Curry Leaves Bistro wound up closing this past fall after the landlord increased the rent, but Kandayah has already scouted out a new location in the East Bay and hopes to reopen later this year.

This time, he says, afternoon tea on the restaurant’s backyard patio is going to come officially baked into the program.

A celebration of immigration

Meanwhile, Kopi Bar has leaned into the cosplay of it all. In addition to her Bridgerton series, Haron has also hosted Bollywood- and Arabian Nights–themed afternoon teas, and encourages guests to come dressed up to reflect the theme. People come for Haron’s stellar baked goods, sure. But they also come because the tea parties are joyful and extravagant — an all-out happening, as they say.

And for Haron, in the current political climate — while masked federal agents whisk soccer moms and five-year-old kids away to far-off detention centers — her tea parties aren’t just some frivolous, let-them-eat-cake moments to cosplay as British aristocrats.

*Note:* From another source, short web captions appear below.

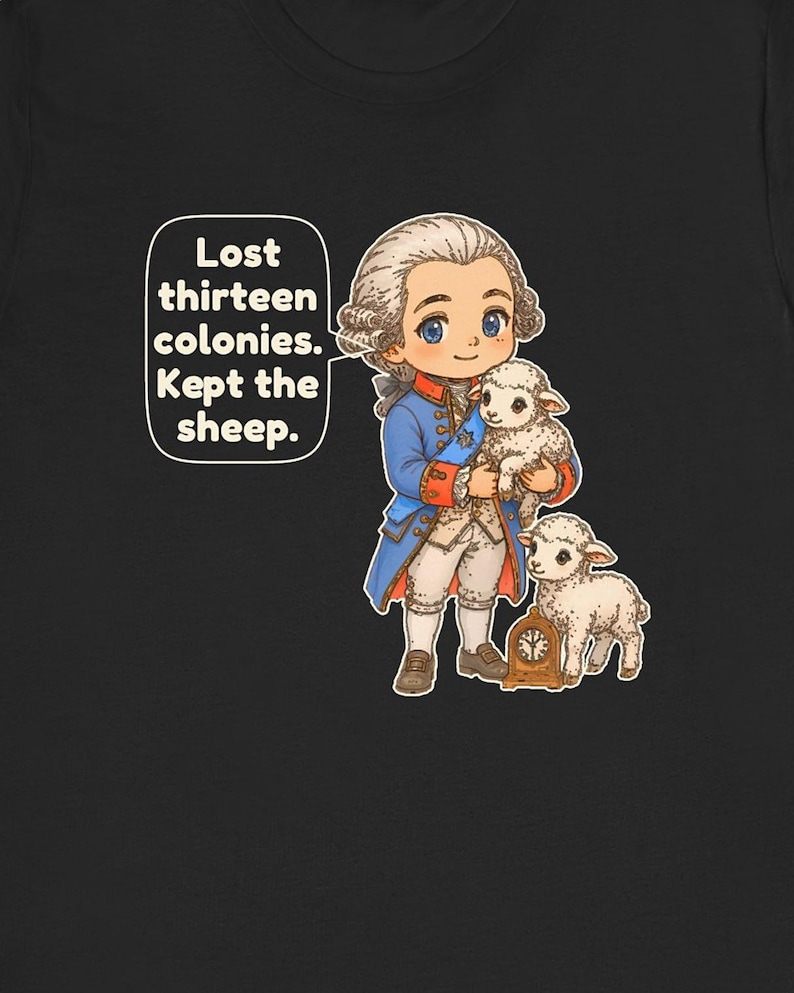 Peut inclure: Un t-shirt noir avec une illustration de style dessin anim&eacute; repr&eacute;sentant un personnage historique en manteau bleu et culotte blanche tenant un agneau, avec un autre agneau et une petite horloge. Une bulle contient le texte : Lost thirteen colonies. Kept the sheep.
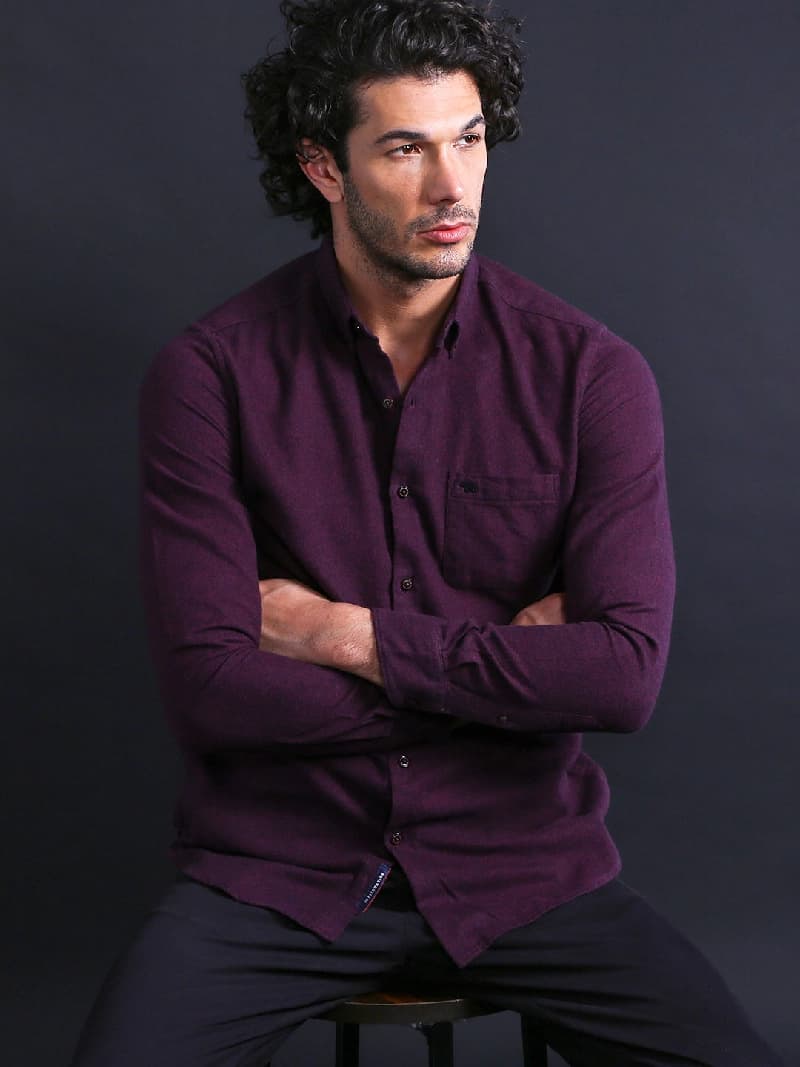 Men's Red Casual Solid Slim Fit Shirt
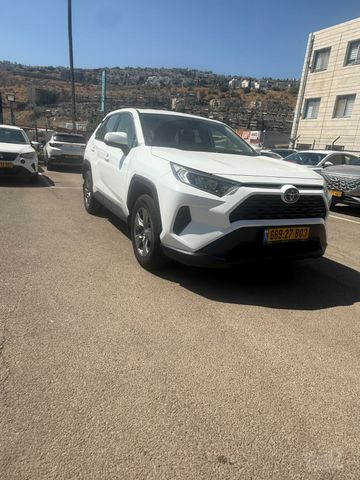 מודעת רכב טויוטה RAV4 2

They’re important rituals that allow immigrants like her to come together and celebrate.

A woman in glasses poses inside a cafe.
Chef Nora Haron, owner of Kopi Bar and Bakery, poses in her cafe on the second floor of BAMPFA. (Gustavo Hernandez/KQED)

“This idea of ‘illegal’ immigrants being criminals — that’s obnoxious. We’re doing something for the community. You know, we’re bringing people together. We’re creating jobs,” she says. “So it’s wonderful to be able to support one another this way.”

After all, she says, food is intertwined with the immigration process. And traditions like afternoon tea are a vital way for immigrants to maintain their cultural identity.

Back in Singapore and Malaysia, the history of afternoon tea followed the same path as so many other things in Southeast Asia: The colonizers brought it, but locals improved it.

Close-up on a pandan pastry, a cup of tea and a menu for a special high tea event.
A pandan and coconut pastry swirl sits next to Kopi Bar’s “Bridgerton”-inspired high tea menu. (Gustavo Hernandez/KQED)

As the food writer Seetoh puts it, “You can still spend over a hundred bucks for the little pinky high teas at posh hotels flavored with affluence, but the majority, even the well-heeled, prefer a kueh salat, curry puff or ang ku kueh at local cafes.”

“It feels more like a Singapore story,” he says.

So it goes here in the diaspora, as Asian Americans create a new set of traditions replete with sourdough, vegan pork floss and the Bay Area’s own unique sense of swagger. They, too, are making afternoon tea their own.


Kopi Bar’s Bridgerton high tea series will run every Saturday through Feb. 28, plus an additional date on March 1, with seatings at 11 a.m., 1 p.m. and 3 p.m. Tickets are limited. The cafe is located on the second floor of BAMPFA, at 2155 Center St. in Berkeley.

Little Moon Bakehouse’s Lunar New Year–themed afternoon tea will take place on Feb. 22, 11:30-1:30 p.m., at the SF Ferry Building (1 Ferry Building, San Francisco). Tickets are limited. Future tea events are scheduled to take place in SF Chinatown, the Sunset District, and San José.

Malaya Tea Room has three seatings per day, Thu.-Sun., at 11 a.m., 1:15 p.m. and 3:30 p.m. It’s located at 920 Central Ave. in Alameda.